The papes is well written; it outlines a specific question, and provides both theoretical and empirical support for answering this question. The new theoretical analysis extends previous known results. It is a modest extension, but potentially useful, and easy to grasp. The empirical results are informative, and constructed to shed light on the core question. I would be interested in seeing analogous results for standard RL benchmarks, to verify that the results carry over to "real" MDPs, not just random, but that is a minor point.
One weakness of the work might be its scope: it is focused on a simple setting of policy search, without tackling implication of the work for more complex settings more commonly used, such as TRPO, DDPG.
The paper discusses a very interesting topic: which measure (BR minimization and mean value maximization) is better for policy search?
1. The reviewer is interested in one possible reason besides the discussion in the paper: the Markov assumption. As we know, the Bellman residual assumption is more restrictive to the Markov assumption of the task, whereas the mean value is not so restrictive to that. In real tasks for policy search, many tasks may break the Markov assumption. Does this also account for the reason why mean-value is a better metric in policy search?

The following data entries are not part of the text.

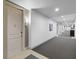 Well-lit hallway with neutral walls and carpet, unit door with number visible, and overhead lights at 125 Pier View St # 405, Daniel Island, SC 29492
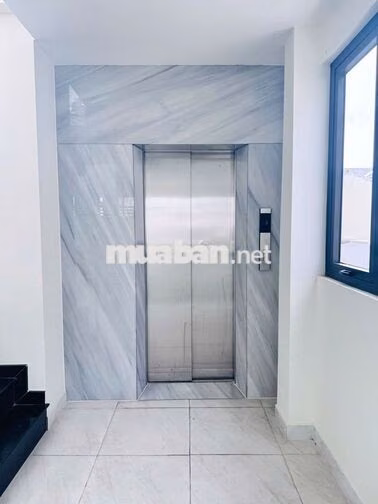 TÒA NHÀ MT LÊ VĂN DUYỆT Q. BÌNH THẠNH , DTSD : 700M2 NGANG 8M , 100TR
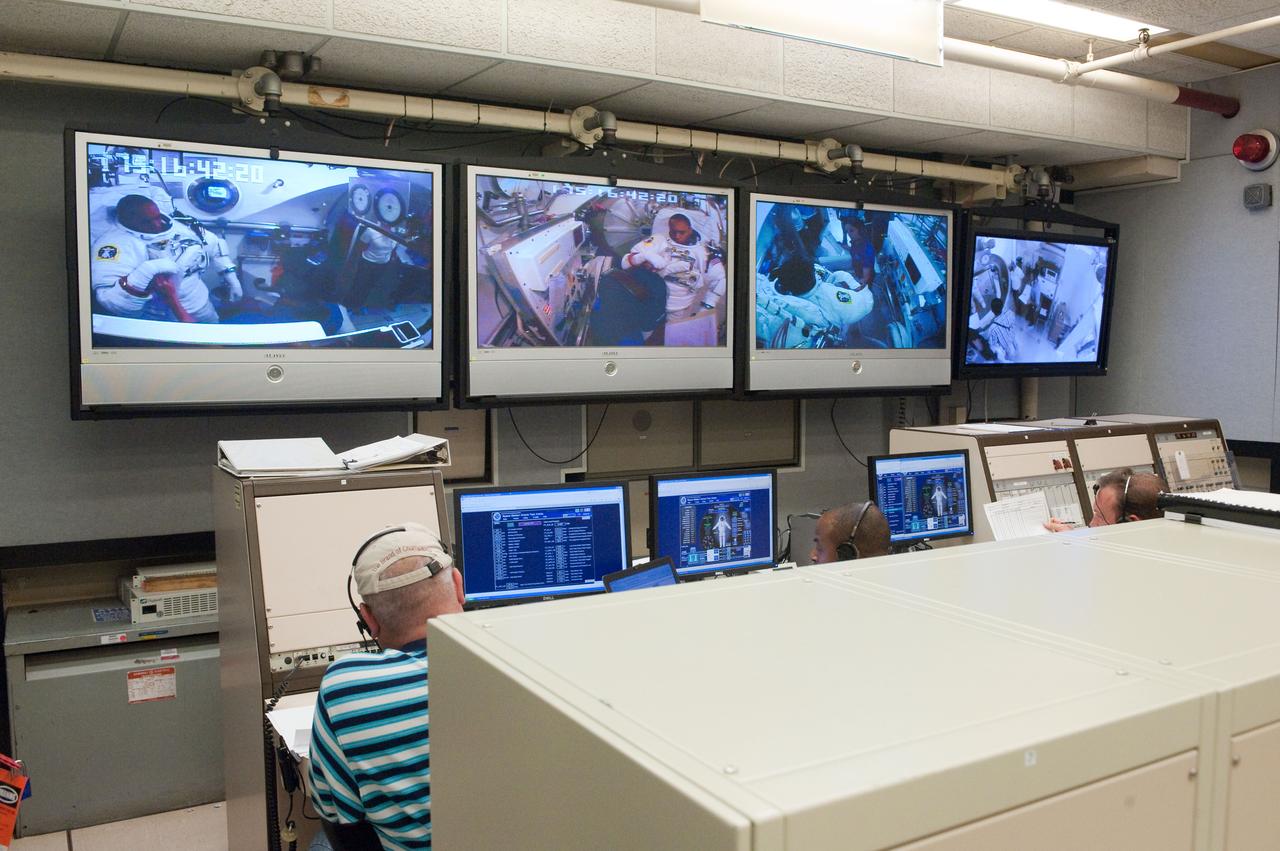 JSC2010-E-101137 (24 June 2010) --- NASA astronaut Alvin Drew, STS-133 mission specialist, is visible on the screens in the Space Station Airlock Test Article (SSATA) Control Room in the Crew Systems Laboratory at NASA?s Johnson Space Center during an Extravehicular Mobility Unit (EMU) spacesuit fit check. Photo credit: NASA or National Aeronautics and Space Administration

2. There is a missing reference for (projected) Bellman minimization search:
Toward Off-Policy Learning Control with Function Approximation, by H Maei et.al. (using projected TD for off-policy control instead of just policy evaluation)
There is also one question： H Maei's method suffers from the latent learning problem: the optimal policy, though learned, is not manifest in behavior. Until finishing the learning process, the learned policy is not allowed to be expressed and used.

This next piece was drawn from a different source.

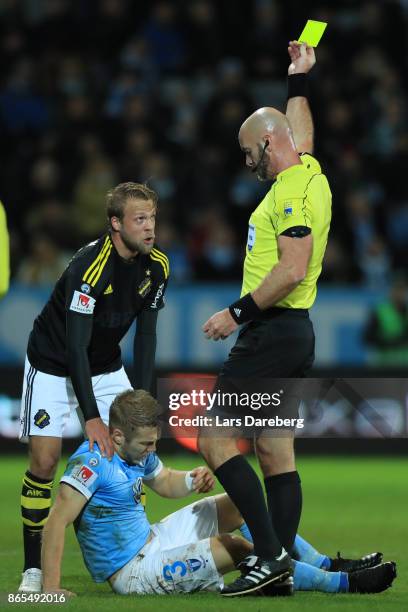 Daniel Sundgren get a yellow card from referee Stefan Johanessen and Anton Tinnerholm of Malmo FF during the allsvenskan match between Malmo FF and...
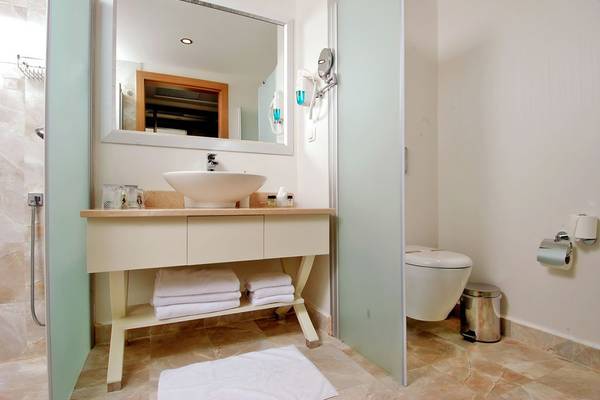 Badezimmer des Botanik Platinum Hotels mit Waschbecken, Spiegel und Toilette.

The reviewer wonders if such problem (latent learning) exists in the policy-based BR minimization approach. Please explain why if it does not exist.
The paper sheds light on the question whether policy search by directly maximizing the mean value or as a proxy minimizing the Bellman residual is more effective. Leaving aside implementation and estimation issues, the effectiveness of both objectives is compared theoretically and empirically. The empirical study suggests that maximizing the mean value is superior as its performance does not deteriorate when the concentrability coefficient becomes high.
Overall, the study presented in this paper is well executed and the paper is well written. While the results are certainly not exciting, the authors raise the valid point that both objectives are prevalent in RL and therefore such a study is of interest. GIven that the study reveals a mismatch between the theoretical and empirical performance of mean value maximization, I would have liked to see a discussion of whether performance bounds without a dependency on the concentrability coefficient are possible and what the challenges to prove such a bound are. Are there lower bounds available that have a dependency on related quantities?
The font size in the plots is too small. Axis labels and ticks are not readable at all.